Spiritual resurrection in this life shall serve as a foundation for the physical resurrection, which shall come through the power of God Almighty on the last day of this world. Thenceforth, the souls of all the dead shall return to their bodies, and all mankind will come to life, no matter where and how each person died. The Lord predicted the universal resurrection, saying: The time is coming, when all lying in the graves shall hear the voice of the Son of God, and those who did good shall go into the resurrection of life, and those who administered evil shall go into the resurrection of condemnation (John 5:28-29). On that day the appearance of each person will reflect his or her inner state: some of the resurrected will be bright and joyous, but others will appear hideous and awful as walking dead.
One should discern between the universal resurrection, which will happen at the end of the world, and the particular resurrections, which the Lord Jesus Christ and His disciples performed during their lifetime. Several examples would be the resurrections of Jairus’ daughter, the son of Nain's widow, the four-day-dead Lazarus, and so forth — all were cases of temporary awakening from death. As we know, some years later all those resurrected died again as all people do. However, at the time of universal resurrection, all people will rise up from the dead to live with their resurrected bodies forever. The resurrection of the dead on the last day of the world will be universal and simultaneous, both for the righteous and for the sinners. Then all the dead shall come forth: they that have done good unto the resurrection of life, and they that have done evil unto the resurrection of damnation (John 5:29).
From the Scriptures one has to conclude that the appearance of the resurrected righteous will be different from that of resurrected sinners. The resurrected bodies will be essentially the same ones that belonged to their souls in this early life. As the Apostle says: THIS corruptible must put on incorruption, and THIS mortal must put on immortality (1 Cor. 15:53). But at the same time, they will be transfigured. The bodies of the righteous will be incorrupt and immortal. They will be completely free from weakness and from the infirmities of the present life; they will be spiritual, heavenly, similar to the body of the resurrected Christ. Life after resurrection will be like the life of the angels. As for the sinners, their bodies also will rise in a new form, but while receiving an incorrupt and spiritual nature, at the same time they will express in themselves the condition of their souls.

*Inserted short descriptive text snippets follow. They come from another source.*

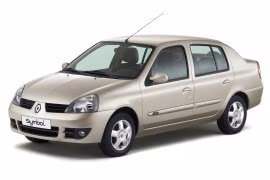 Коврики в салон Renault Clio Symbol 2000-2012 II поколение EU Sedan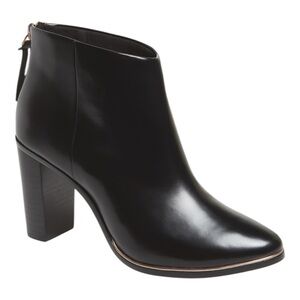 Ted Baker London Black Vaully Booties size 11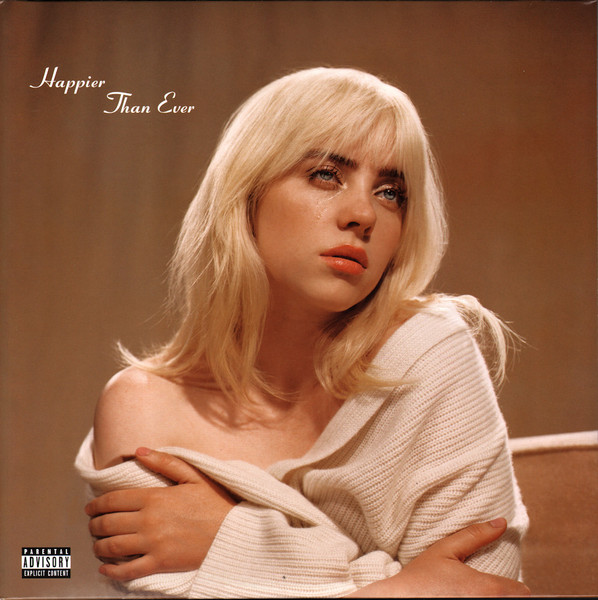 I602448346643.jpg BILLIE EILISH - HAPPIER THAN EVER (LP) - Image 1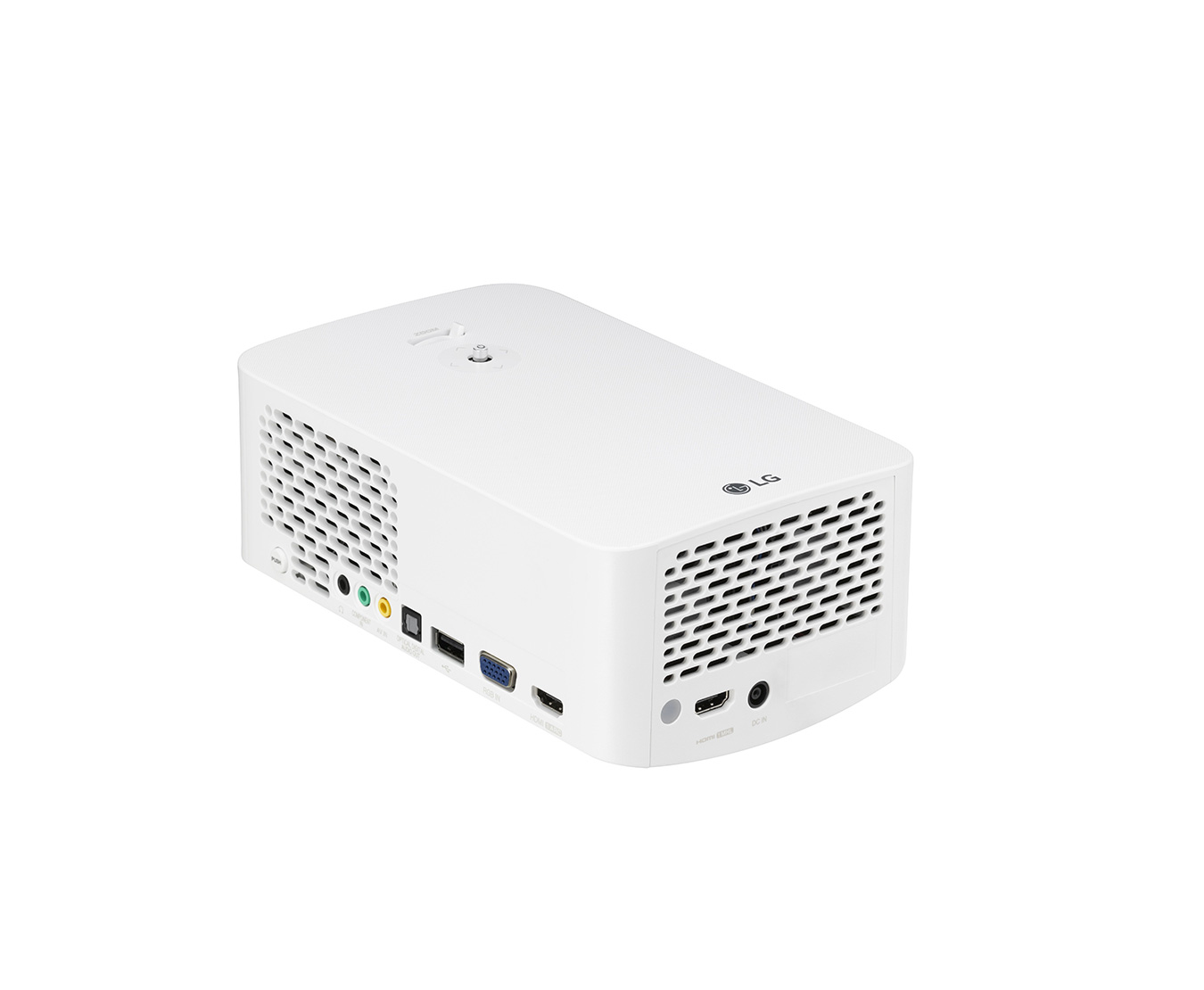 LG PF1500G data projector Standard throw projector 1400 ANSI lumens DLP 1080p (1920x1080) White – image 3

The celebration of Easter is marked by Orthodox Christians so joyfully because during the Paschal days they feel, more than at any other time, the reviving power of Christ's resurrection, the power that has dethroned the prince of darkness, liberated souls from the abyss of hell, opened the doors to paradise, defeated the bonds of death, and poured new life into the souls of believers.
It is significant that during Easter the Paschal joy, to a greater or lesser extent, is felt by so many people—not only those of profound belief, but also those who are cool-spirited and aloof from God. On this day all creation rejoices at the victory of life over death.